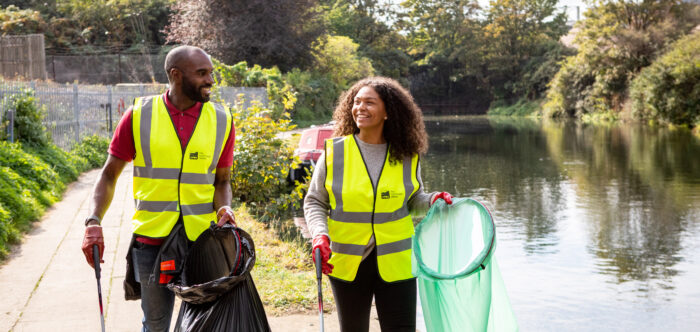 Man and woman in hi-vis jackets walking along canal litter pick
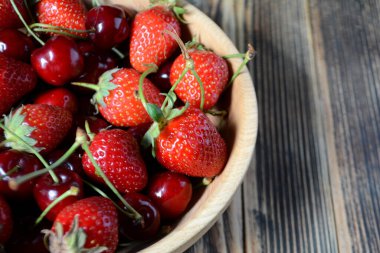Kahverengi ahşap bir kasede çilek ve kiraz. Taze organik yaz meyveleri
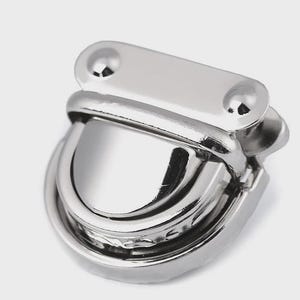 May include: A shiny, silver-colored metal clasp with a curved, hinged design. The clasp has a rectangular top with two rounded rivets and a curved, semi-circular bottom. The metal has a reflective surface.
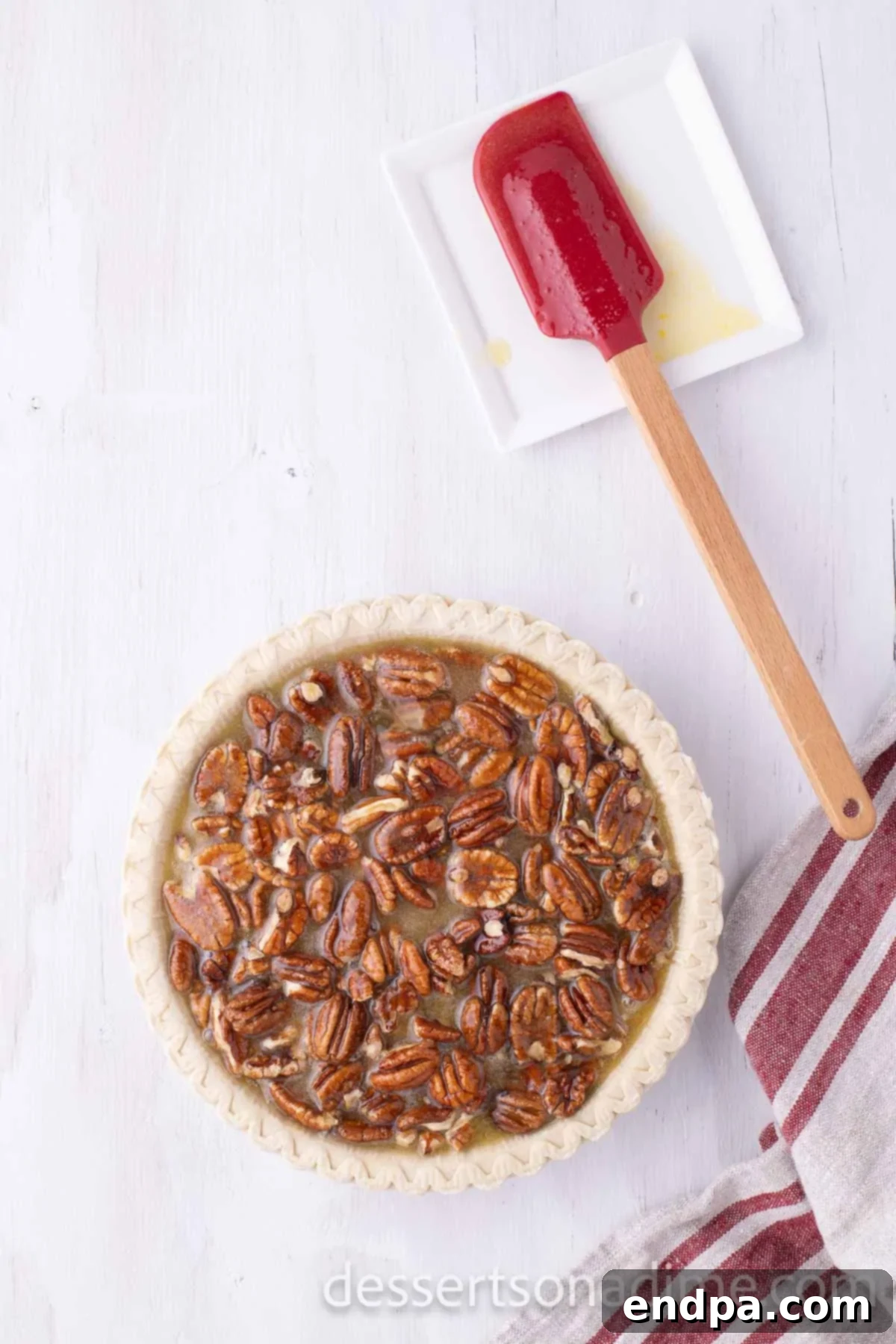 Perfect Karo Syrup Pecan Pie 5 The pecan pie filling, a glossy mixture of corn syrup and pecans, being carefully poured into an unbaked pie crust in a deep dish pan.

--

WORK REQUEST: Look at the listing and set down only the lines from its start through the line with "May include: A", word for word and without pictures.

THE COMPLETED TASK:
 Man and woman in hi-vis jackets walking along canal litter pick
Kahverengi ahşap bir kasede çilek ve kiraz. Taze organik yaz meyveleri
 May include: A shiny, silver-colored metal clasp with a curved, hinged design. The clasp has a rectangular top with two rounded rivets and a curved, semi-circular bottom. The metal has a reflective surface.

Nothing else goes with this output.